Raporda bütün bu nedenlerle artık Türkiye’nin Amerika’nın stratejik ortağı sayılamayacağı, Türkiye’den ‘ne dost ne de düşman’ olarak söz edilebileceği belirtilmekte, bu nedenle ülkemizin F-35 programından tamamen çıkartılması, Amerika’nın İncirlik üssüne alternatif olarak Kıbrıs, Yunanistan, Ürdün veya Romanya’da başka bir üs araması önerilmektedir.

Türkiye’nin stratejik ortaklığı
Kuşkusuz bu görüşler Amerika’nın resmi tutumu sayılamaz. Bununla birlikte, Amerikan hükümetinin bazı ülkelere baskı yapmak için resmen söylemediği görüşleri medya veya düşünce kuruluşları aracılığıyla duyurduğu bilinmektedir. Amerika’daki Türkiye karşıtı lobiler de bu yolda hareket etmektedirler.

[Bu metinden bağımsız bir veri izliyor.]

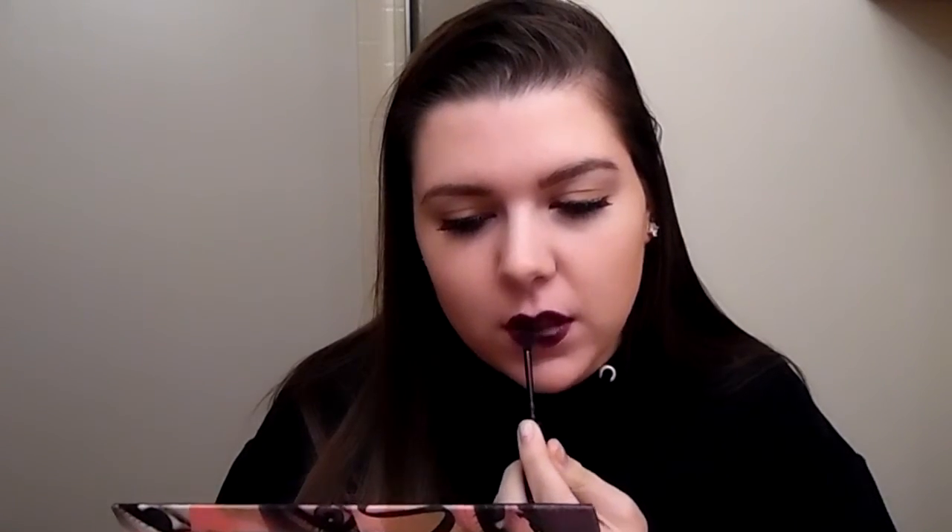Next up I have Bewitching Bordeaux, which is number 304. It's a super deep, brown, vampy shade. This one is very similar to the previous one but it has more of that blood red in it instead of just straight purple. I'm interested to see if it's a common theme for the darker shades to be more patchy and harder to go on, which is generally how lipsticks work.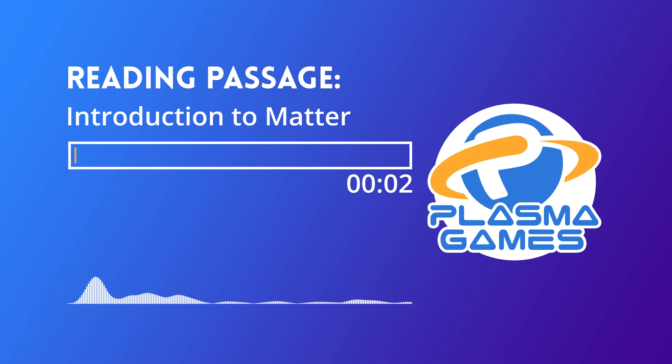Top Secret Psi Operative Training Mission. Introduction to Matter Mission: Understand that everything is made up of tiny particles of matter that can combine in many different ways. Remember to beam as you read through the passage below.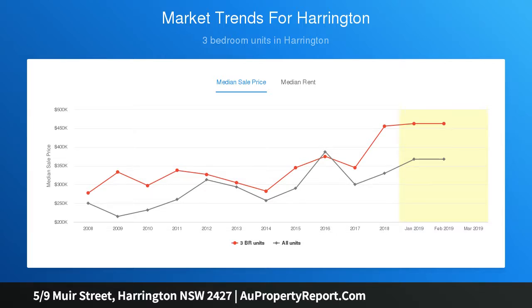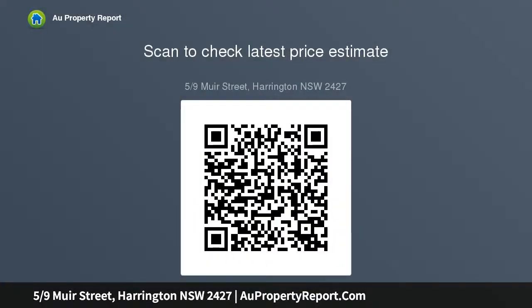Open plan living areas flowing to north facing courtyard. Living areas and kitchen flooded with natural light. Granite kitchen with sleek stainless steel appliances. Two bedrooms with built-ins.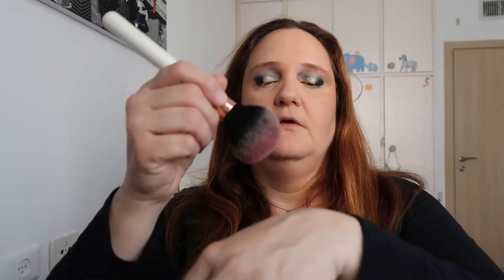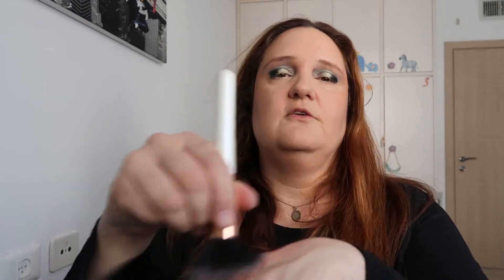Now taking this blush by Pupa — it's called Luminissi Velvety Baked Blush in color 525. Taking another fluffy brush — oh, it looks very, very intense. I'm taking off the excess on the back of my hand first, then applying it on the apples of my cheeks and upwards.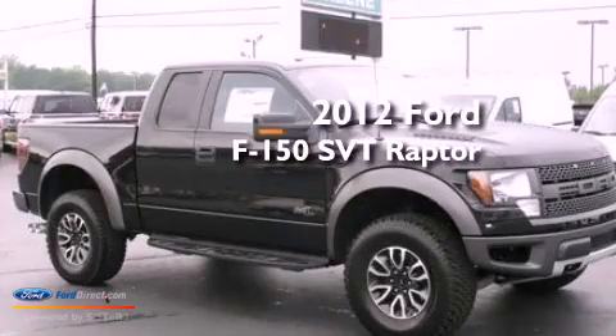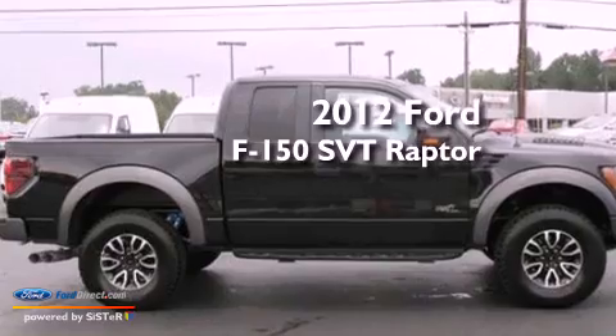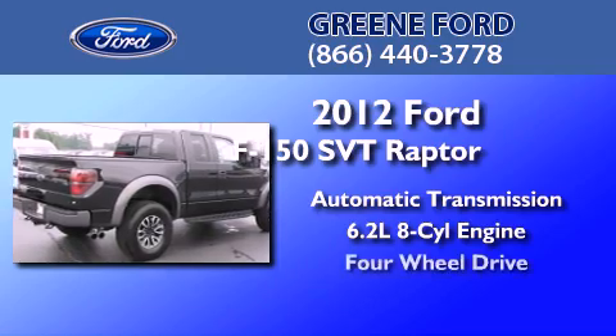This is a brand-new 2012 Ford F-150 SVT Raptor. This truck has an automatic transmission, a 6.2-liter V8, and 4-wheel drive.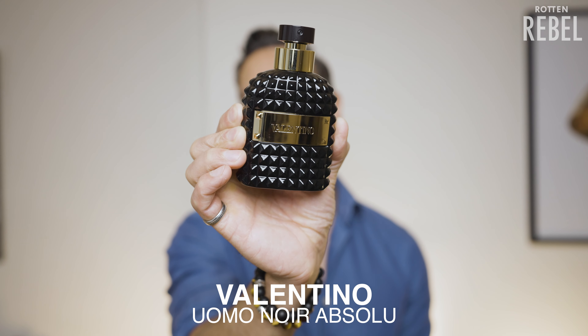Le Labo Santal 33 — sandalwood with iris, amber, musk and cedar, and it's so damn good. This to me is one of the most epic, beautiful and unique sandalwood perfumes ever. I'm addicted to that dusty, powdery and woody blend, and the way this thing gets me attention when I'm out is always a fun bonus. This to me is pure magic — enough said.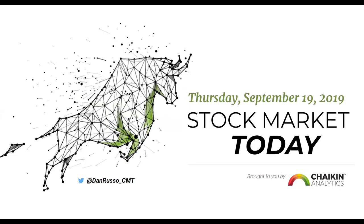Good morning and welcome to Stock Market Today. It is Thursday, September 19th, 2019. I am your host, Dan Russo, the Chief Market Strategist at Chaikin Analytics. You can find me on Twitter at DanRusso underscore CMT. Stock Market Today brought to you today and every day by Chaikin Analytics. Head over to ChaikinAnalytics.com/today to sign up for a free email to follow along with this show and get daily stock ideas in your inbox every trading day before the market opens.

Bu gibi yayınların ortak tarafı bölge halkının haklarından, bağımsızlığından, güvenliğinden ve demokrasi içinde yaşama arzusundan hemen hemen hiç söz etmemeleri ve öncelikle Amerika’nın bölgedeki stratejik menfaatlerini ön plana çıkartmalarıdır. Türkiye’nin hedefleri ise bir yandan kendi güvenlik çıkarlarını savunurken bir yandan da bölge ülkelerinin egemenliğine ve toprak bütünlüğüne hizmet edecek çözümler üretilmesi olmalıdır. Türkiye, özellikle hazırlanacak anayasaların başka ülkelerin dayatmasıyla değil, bölgedeki halkların özgür iradesiyle yazılmasını savunmalıdır.

Kararlı mücadele
Geçmişte de Amerika’nın Türkiye’ye baskı uygulayarak kendi çözümlerini kabul ettirmeye çalışmasının örnekleri vardır. Bu baskılara direnen Meclis’in ve devlet adamlarımızın kararlı duruşunu gururla hatırlıyoruz. İsmet İnönü’nün “...Yeni şartlarda yeni bir dünya kurulur ve Türkiye de bu dünyada yerini bulur” sözleri, Bülent Ecevit’in “Gerekirse kapının tokmağını çevirir, duvarın öbür tarafına geçeriz” demesi, Demirel’in Amerikan Kongresi’nin askeri ambargo kararına karşı üslerimizi Amerikan askerlerine kapatma kararı ve TBMM’nin 1 Mart 2003 tezkeresini geri çevirmesi bunun örnekleri arasındadır.
Türkiye geçmişte daha zor şartlarda daha büyük engelleri aşmasını bilmiştir. Bugün de aşabiliriz, yeter ki, bu gibi milli meselelerde, baskılara direnme ve birlik içinde kararlı mücadele verme gücümüzü ve azmimizi kaybetmeyelim.